A chef is a study in passion
Like a lot of people in the industry, Brown’s love for food developed at an early age. As soon as he learned to read, he was digging through his mother’s Betty Crocker cookbook from which he made a variety of adventurous dishes for his family. He got his first restaurant job at the age of 12, worked for his family’s lumber company at 16, then studied business administration and international economics in college where he also spent time working in a kitchen. Before moving on to graduate school, Brown decided to bike across the country and evaluate his life goals.
“I decided to write a list about what I wanted from work. I didn’t know what I wanted to do for work, but I wanted to know what I wanted from work. What do I expect to get from my job,” he said. “I wrote that I wanted to work with my hands. I wrote that I wanted something with a career trajectory. I also wanted to be able to sustain myself, I wasn’t necessarily looking to make a lot of money, and I wanted it to be something that if I was successful at that I could be a mentor to other people.”
Realizing that life as a chef offered all of that, Brown decided that graduate school wasn’t right for him. Instead, he went on to work at and lead some of the most prestigious kitchens in the Twin Cities.

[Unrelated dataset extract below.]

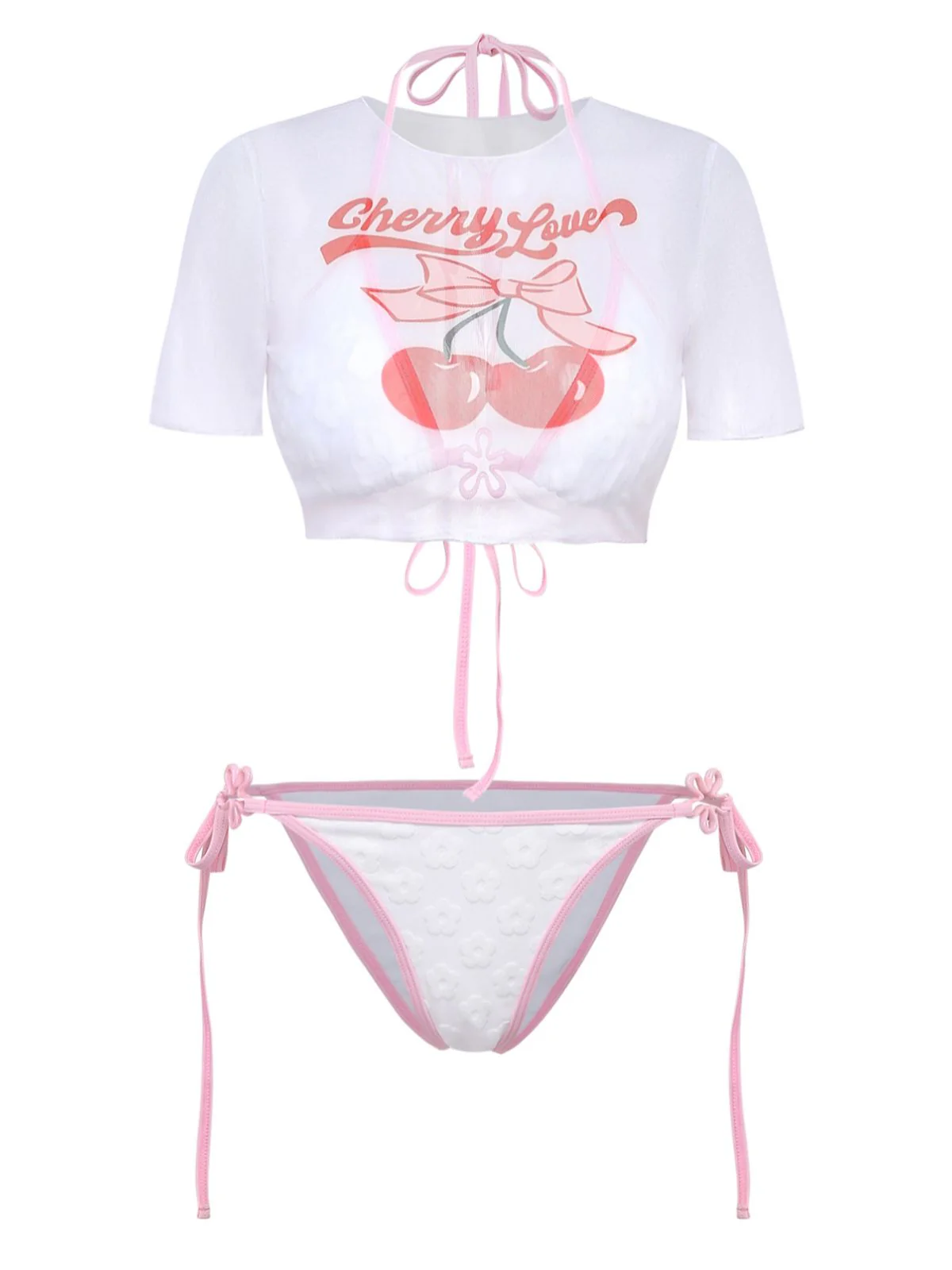 Y2K Halter Textured Floral Bikini Set & Cherry Love Crop Cover-up - Image 2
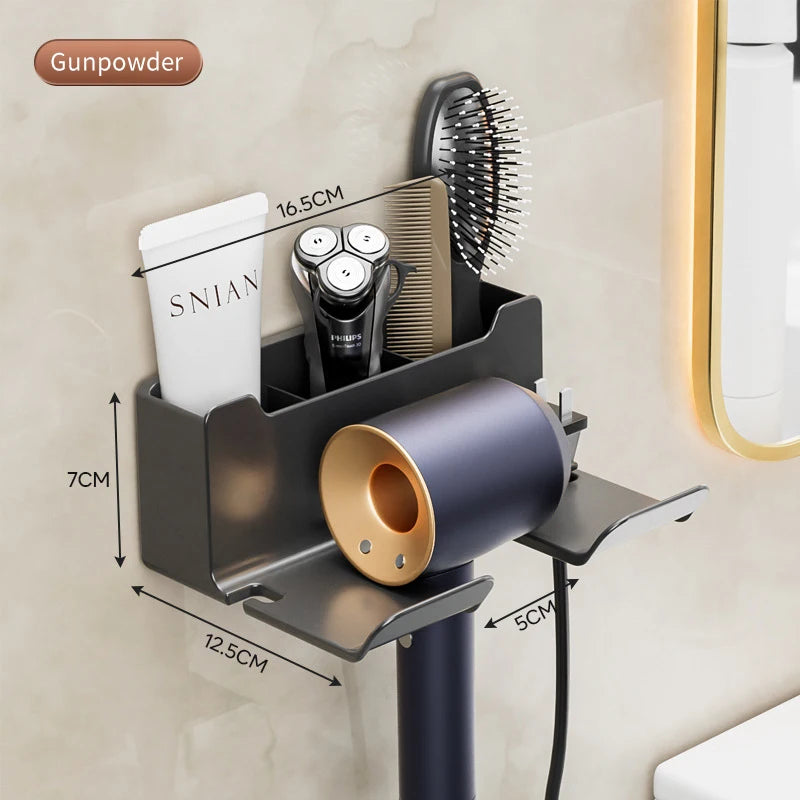 Soporte de pared para secador de pelo y cepillo, con compartimentos para herramientas de aseo.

At the now closed Porter & Frye, Brown ran a kitchen that featured some of the best known culinary names in the Twin Cities, including the likes of James Winberg (Travail), Erik Anderson (Sea Change, Nashville’s The Catbird Seat, Brut), Josh Habiger (Sea Change, The Catbird Seat), Jamie Malone (Sea Change, Brut), and Doug Flicker (Piccolo, Esker Grove) to name a few.
It was at Porter & Fry that Steven Brown first met Mike Brown (Travail). After moving home from Arizona (where he worked the famous Binkley’s), Mike Brown found it hard to find work. “When I came back to town 9 years ago there were no jobs, especially for an out-of-towner. [Steven Brown] gave me a job he didn't really have open to give,” Mike said.
Mike got a permanent spot on Chef Brown’s line a few weeks later, but was still “broke as a joke” after being out of work for more than a month. Brown asked Mike how much cash he needed. “I said like $300 to make rent. We then walked to Wells Fargo downtown and he pulled $300 out of his own account and said, ‘Pay me back when you can.’ I worked for him every day he'd let me and eventually paid it back over a month or so.”
That was easily the best $300 loan, Brown said, because he considers Mike to be more of a close friend than he does a mentee -- which is how he talks about many of the people who claim him as their mentor.